The five and one-half acre parcel which the Land Trust has designated the “Ox Pasture” lies in the marsh area near the confluence of the East and Neck Rivers where Bailey Creek joins the Neck River. It is contiguous with other parcels held by the Trust – a total of approximately 90 acres in these marshes. The Ox Pasture Sanctuary itself is elevated dry land, surrounded by marsh with the exception of the access strip from Garnet Park. The observation platform is approached from trailhead to the east. The view from the platform reveals the course of Bailey Creek immediately to the west and north of the structure. Farther to the west, across the marsh, the East River is visible. The house on Grass Island, a classic shoreline landmark, can just be made out where the East River flows into Guilford Harbor. Across the marsh to the northwest lies Cedar Island and the northerly view is generally bounded by the Amtrak/Metro North tracks. The Neck River passes to the south of the platform. Insects, including ticks, are plentiful during warmer months. Efforts are made to control poison ivy along the trail and in the immediate vicinity of the viewing platform. Nevertheless poison ivy is quite common in the area and should be avoided at all times.
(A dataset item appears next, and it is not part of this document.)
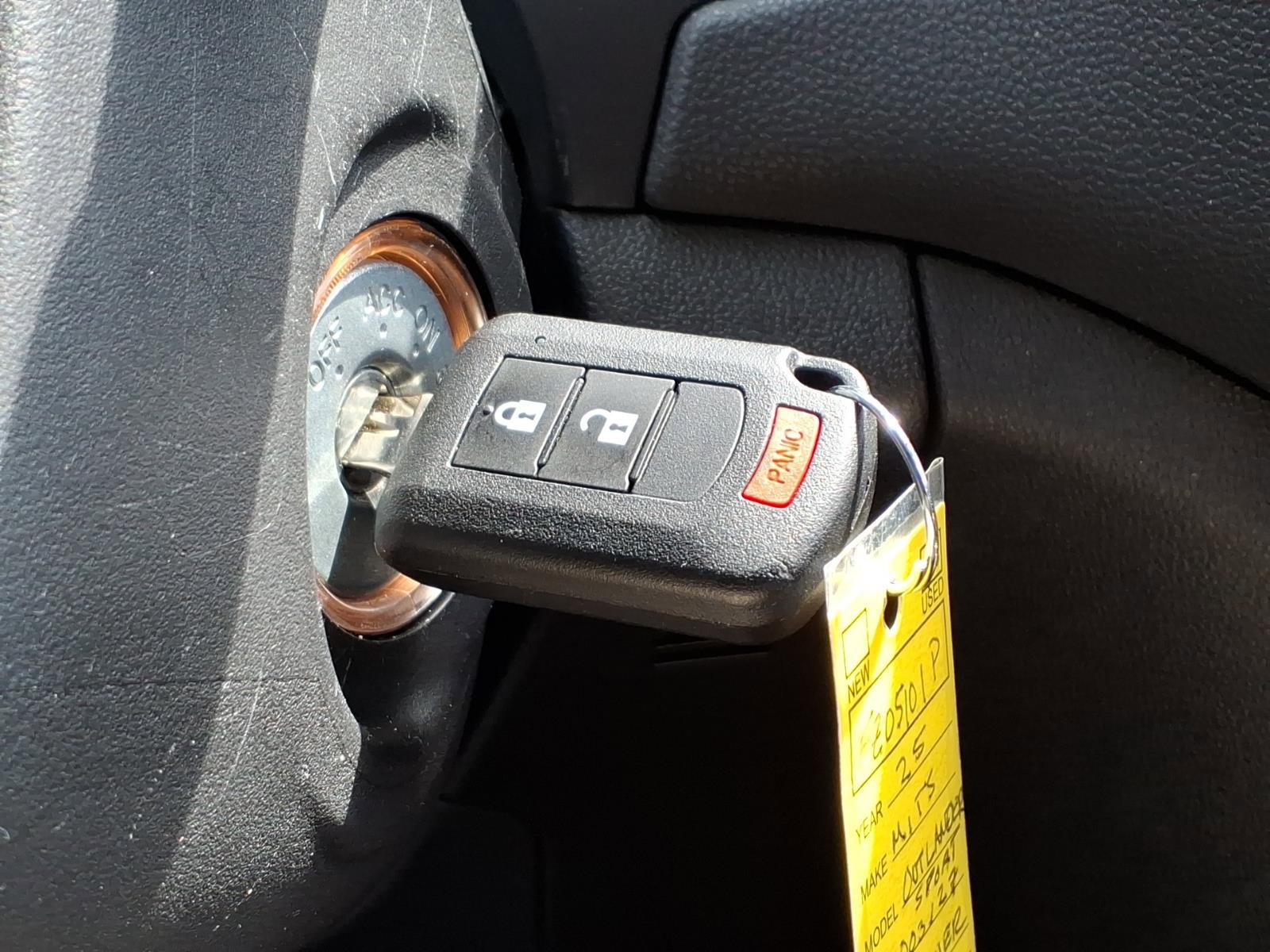 Used 2025 Mitsubishi Outlander Sport LE AWD/4WD image 17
From colonial times even up to the early twentieth century, oxen were used to mow and haul salt hay in the marshes. The Ox Pasture is so named because it was used as pasture for these animals by early landowners, including members of two prominent Madison families, the Mungers and the Dudleys. This haying activity has a special resonance for Madison residents because of its portrayal in a classic WPA mural located in the Madison post office. Even earlier use of the property is evidenced by the presence of Native American “middens”, prehistoric deposits of clamshells and charcoal dating back at least to the 1400s. The first recorded purchase of the land was from the Hammonasset tribe in 1641.
In 1950, the property was acquired by Almon Miner Lippincott, a local house painter and avid aviation enthusiast. His mother, Grace Lippincott, was well known as a published Madison poet. Lippincott was prohibited from using local public airfields because he was deaf and mute. He built a hangar and an airstrip long enough to accommodate his Piper Cub. He used these until he stopped flying in the early seventies. The hangar fell into disrepair. Nevertheless, before its eventual collapse, it remained a prominent landmark for canoeists of the lower Neck River and Bailey Creek. The concrete apron, which supported the hangar, still remains and today serves as the foundation for a wildlife observation platform, which was erected by the Trust. The MLCT acquired the property in1994. Part of the funding for the property was provided through a grant from the Long Island Sound License Plate Fund.
The Ox Pasture is a portion of the marsh complex of the East and Neck Rivers. Geologically, it is of relatively recent origin. Sequential retreats of the glaciers beginning about 22,000 years ago left two rocky deposits or moraines which eventually became Long Island and the Connecticut shoreline. The area between them formed a freshwater lake. About 11,000 years ago a break in the moraine drained the lake and allowed salt water to enter producing Long Island Sound. The evolution of sandy extensions and dunes formed barrier beaches or coastal strands such as the East River Beach that absorb the wave action of Long Island Sound and provide relatively calm environments, where sediments can settle, plants can root and tidal marshes develop. This development of the saltwater marshes including the Ox pasture only took place within the last few thousand years. (Source: Lapin report 1993)
Wildlife in the Ox Pasture is abundant although not always visible. It supports a population of turtles, muskrats, otters, rabbits as well as a variety of resident and migratory birds such as osprey, ducks, geese, herons and rails. Glossy ibis find the area particularly attractive. In the autumn the Ox Pasture acts as a land trap for the movement of migratory birds. It funnels them into a secure area before they begin the journey south. The area has abundant native grasses, which provide cover for small birds in their efforts to evade hawks migrating overhead. (Source: Noble Proctor 2000) The area has been identified as a refuge for at least two state endangered species: the diamond backed terrapin and the least shrew.